Stress is the number one cause of short-term sleep problems.

We all have bad days and we all can’t help but be caught up in such an unproductive stance.

However, there are few tips that can actually help you calm down and ease your stress a bit.

  • Try to eat something healthier when you know you are stressed. Check out these foods that can help turn off stress hormones and try to add it to your daily diet.
  • Try consuming a cup of chamomile tea three hours before bedtime. Aside from white tea, herbal teas have lesser caffeine content. This type of herbal tea is a known anti-anxiety and helps you calm down.
  • Write your thoughts away. This can help you clear out your mind of useless clatter. You can also a write a to-do list before going to bed so you can organize your thoughts so you don’t need to worry about the next day.
  • Try performing some relaxation exercises within an hour before bedtime to calm your anxious mind. You can try some yoga techniques to help your mind and body relax from a stressful day.
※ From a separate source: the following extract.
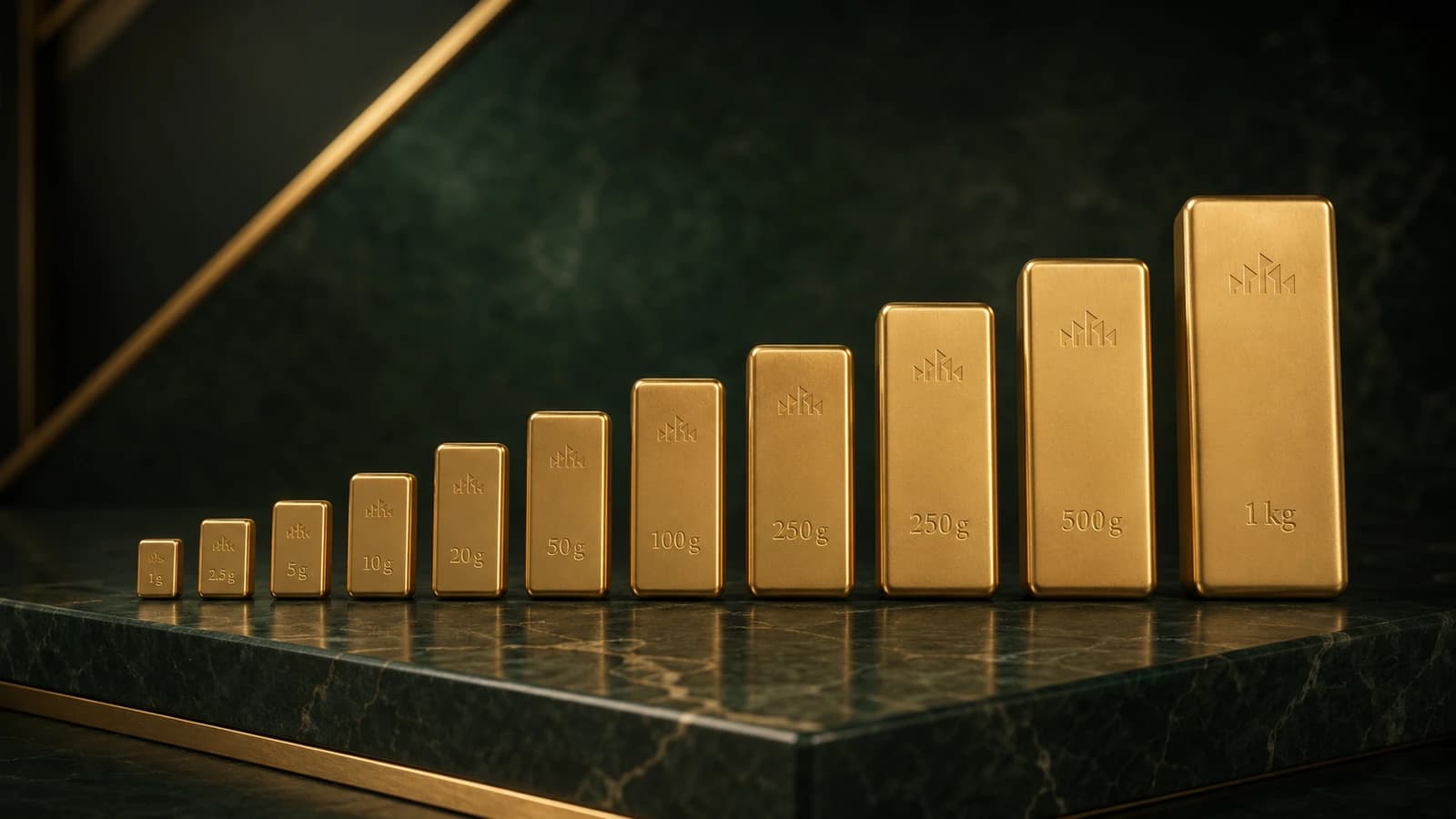 Bars, Coins, and Packages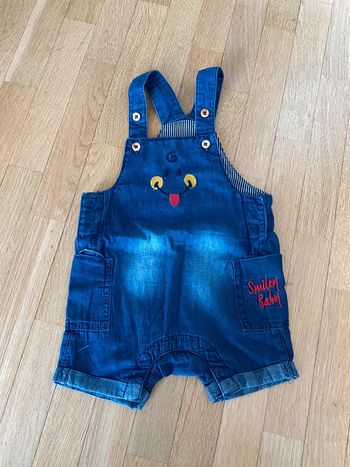 Salopette jean bébé 6 mois orchestra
7. You have a thyroid condition.

Having an alarming thyroid condition can affect your body’s release of important hormones for sleep.

When your thyroid is overactive, it can make your adrenaline surge and create hormonal imbalances.

As a result, anxiety and insomnia kicks in making it very hard to fall asleep and stay asleep.

8. You have an acid reflux.

Gastrointestinal issues can also affect your sleep patterns, especially acid reflux. When you have acid reflux, the acid back up from your stomach into your esophagus with a burning sensation.

To avoid this, losing some weight can actually help and of course, do not eat too close to bedtime.

9. You are often too exposed to blue light in the night time.

The blue light that most screens give off when you watch late night TV shows makes your brain think that it is still daytime.

Because of this, the melatonin hormone doesn’t come out making you feel less sleepy. To avoid this problem, you should be able to turn off your smartphones, laptops, TV, and other screens within an hour before bedtime.

Instead, you can spend few hours before sleeping by grabbing the closest book and reading it under a slightly dim light.

Aside from electronic gadgets, you can try to turn off other unused light around the house before bedtime.